Так вот… меня принесли под утро на носилках, совершенно неожиданно для него. Опять же, про заброшенную выработку он узнал уже после начала боя в Кимберли от одного из раненых. Откуда бурам про нее стало известно, не имел даже малейшего понятия. Сообщил только, что вроде как Родс провел переговоры с президентами республик и после этого капитулировал. Вот и все.
– Немного…
– Больше узнаете у господина Максимова, – отпарировал врач. – Скажите спасибо и за это. С вашим потрясением черепного ящика, знаете ли, вообще разговаривать запрещено.
– Какого ящика?..
– Черепного! – злорадно повторил Ранненкампф и скомандовал: – А теперь займемся осмотром. И без лишних разговоров, а то прикажу вас связать.
По результатам осмотра, если отбросить массу латинских врачебных матюгов, стало известно, что у меня сломаны три ребра, надлом лучезапястной кости, подвывих правого голеностопного сустава, множественные гематомы и рассечения, к счастью, уже заштопанные. Ну и, конечно, гребаный потрясенный черепной ящик, что в переводе на современные термины скорее всего означает обыкновенное сотрясение мозга. Кстати, оное больше всего и беспокоило доктора.

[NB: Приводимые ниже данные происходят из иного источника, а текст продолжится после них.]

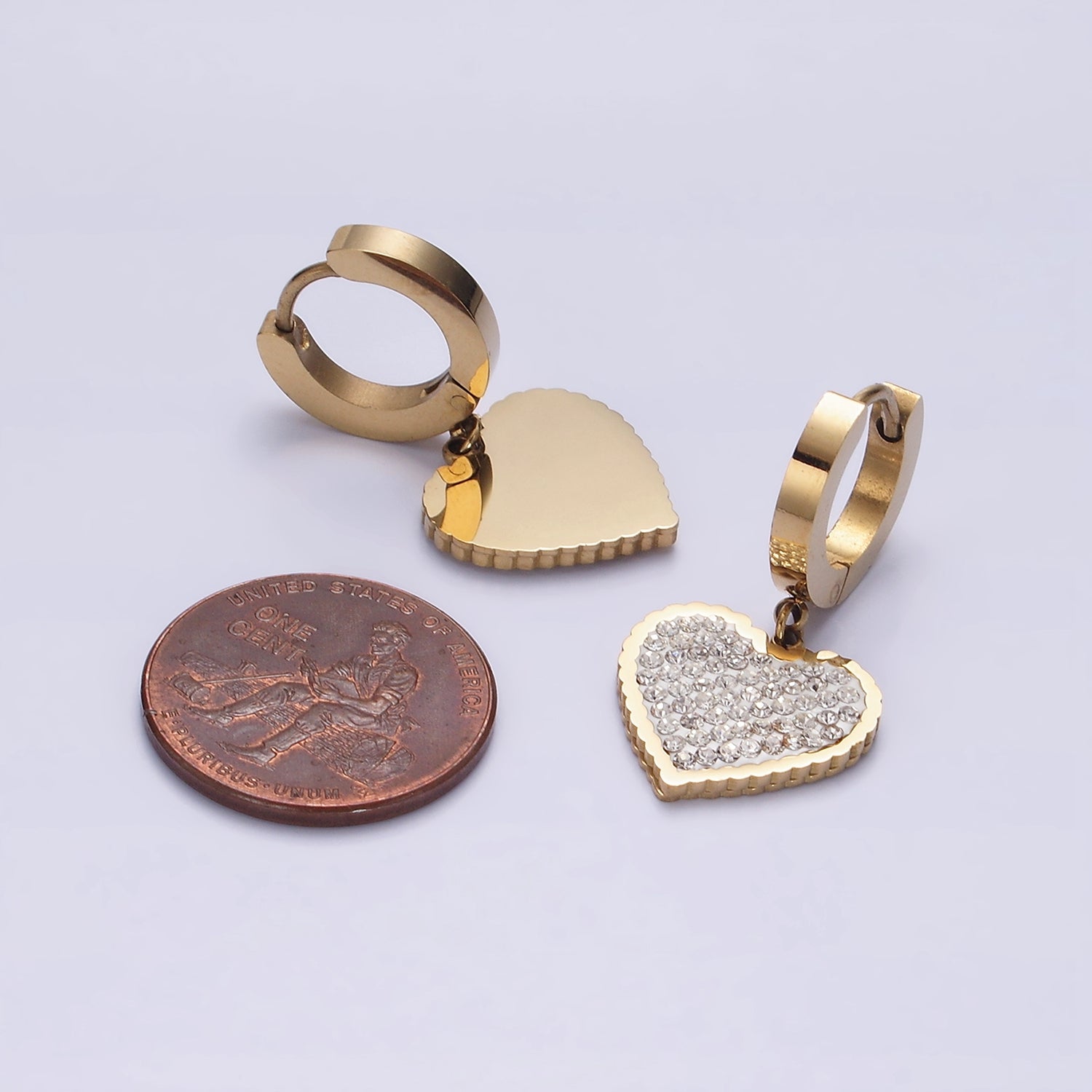 Stainless Steel Clear Micro Paved CZ Heart Drop Huggie Earrings | AE873 - DLUXCA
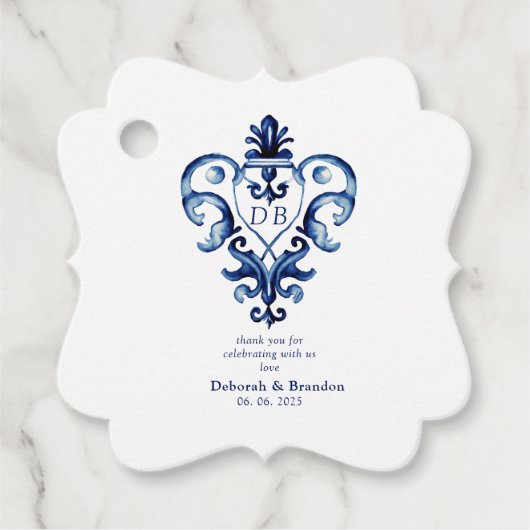 Monogram Crest Blue en White Delft Wedding Bedankjes Labels (Voorkant)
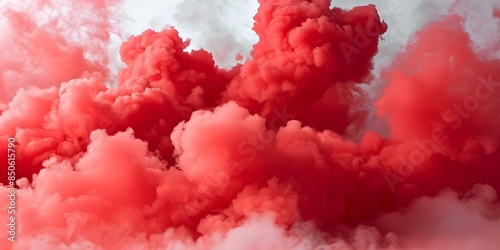 Redlit smoke clouds after explosion disaster or military operation Abstract background. Concept Smoke Clouds, Explosion Disaster, Military Operation, Abstract Background, Redlit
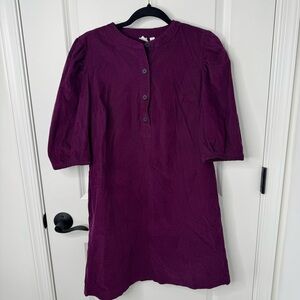GAP corduroy Purple button Mini Dress small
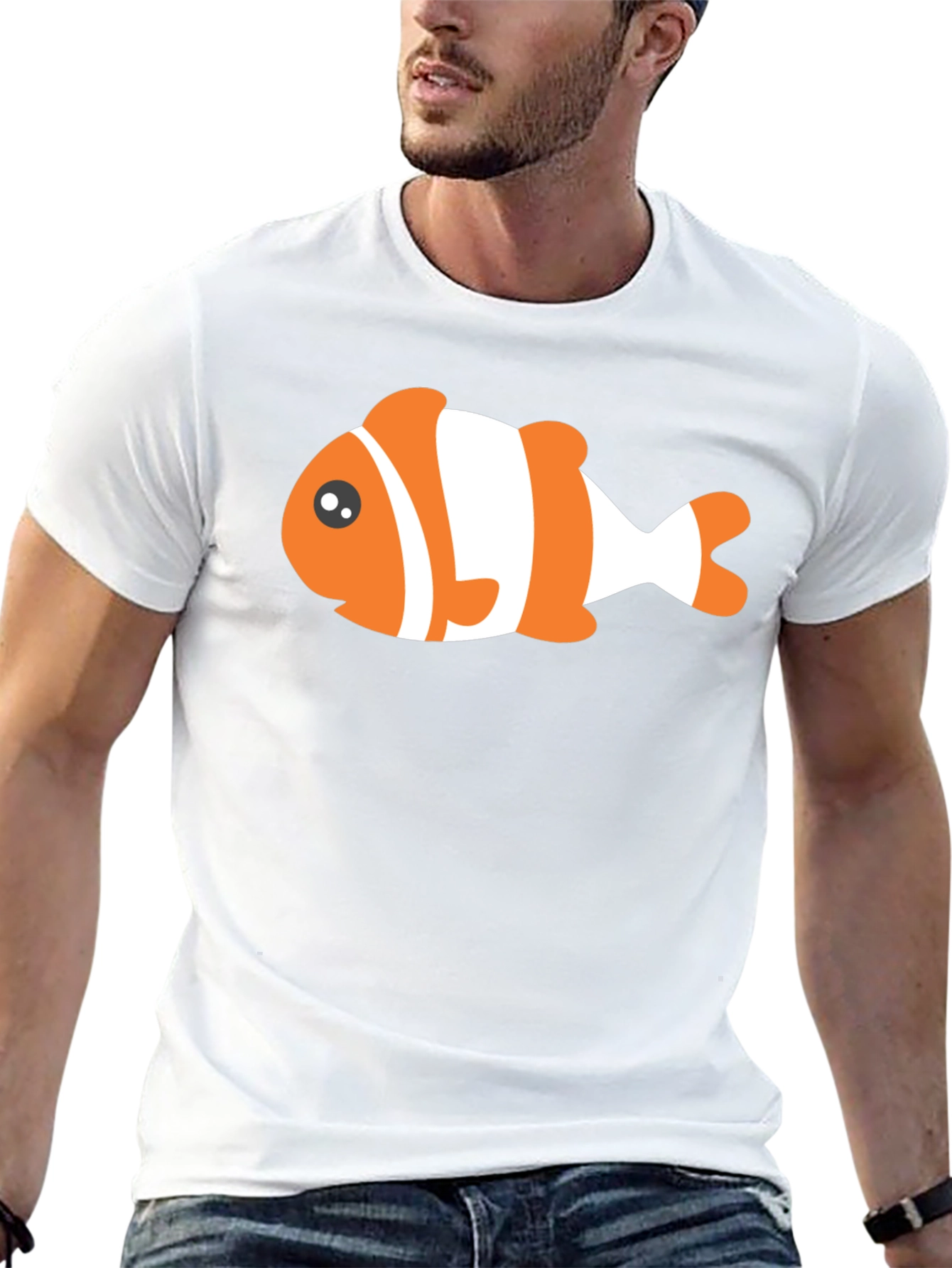 Clown Fish Graphic Tee - Black Cotton T-Shirt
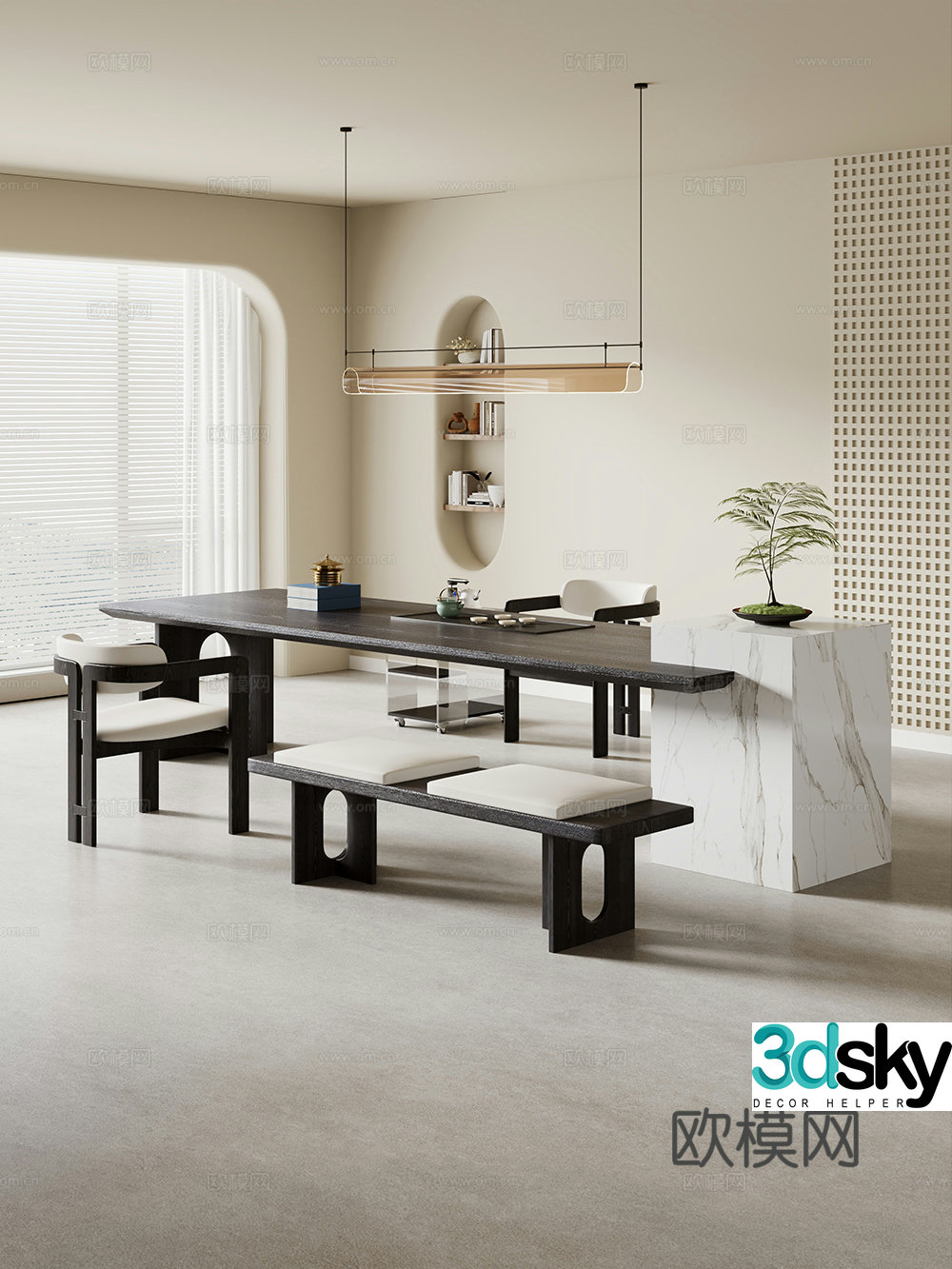 Creamy large plate table tea table and chair combination tea table tea table tea room tea table balcony tea table 3D model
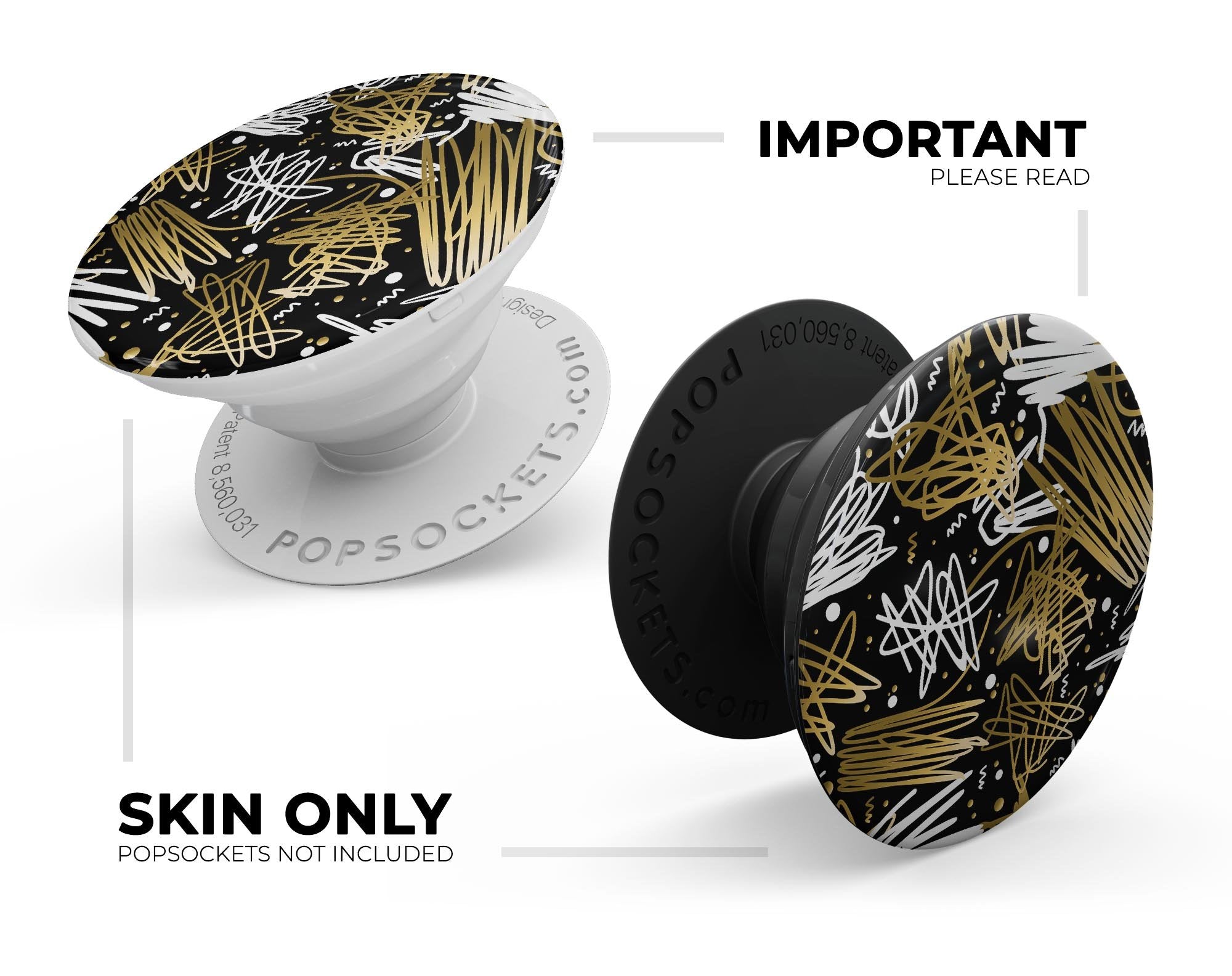 Gold and Black Squiggly - Skin Kit for PopSockets and other Smartphone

– Покой, только покой! – торжественно провозгласил он. – Никаких встреч на сегодня, а в целях соблюдения дисциплины я приставлю к вам Патрицию Фридриховну.
Вполне симпатичная дама, но гренадерской выправки и стати, энергично кивнула доктору, как бы подтверждая, что в ее руках я буду как у Христа за пазухой. Мне даже показалось, что она щелкнула каблучками ботиночек. М‑дя… у такой не забалуешь.
Я припомнил свое состояние при эвакуации и поинтересовался у уходящего врача:
– Меня, кажется, чем-то траванули?
– Мне тоже так показалось, – кивнул он, – пульс и дыхание были до предела замедлены. Но, к счастью, эти симптомы через короткое время самокупировались. Хотя данное состояние вполне может быть результатом нервного истощения. Все, Михаил Александрович, до свидания. Кстати, я приказал поставить возле палатки караул. Так что даже не пытайтесь сбежать.
– Пу́тем кю́шат! – торжественно объявила сиделка на ломаном русском языке и откинула полотенце с кастрюльки. – Это есть любимый сюп моего прапрадедушки! Он приходиль из поход, и его жена готовить этот сюп. Помогайт виздоравливайт. Отшень старый рецепт, я готовить его специально для вас.
– Вы голландка? – поинтересовался я, подозрительно посматривая на янтарный «сюп».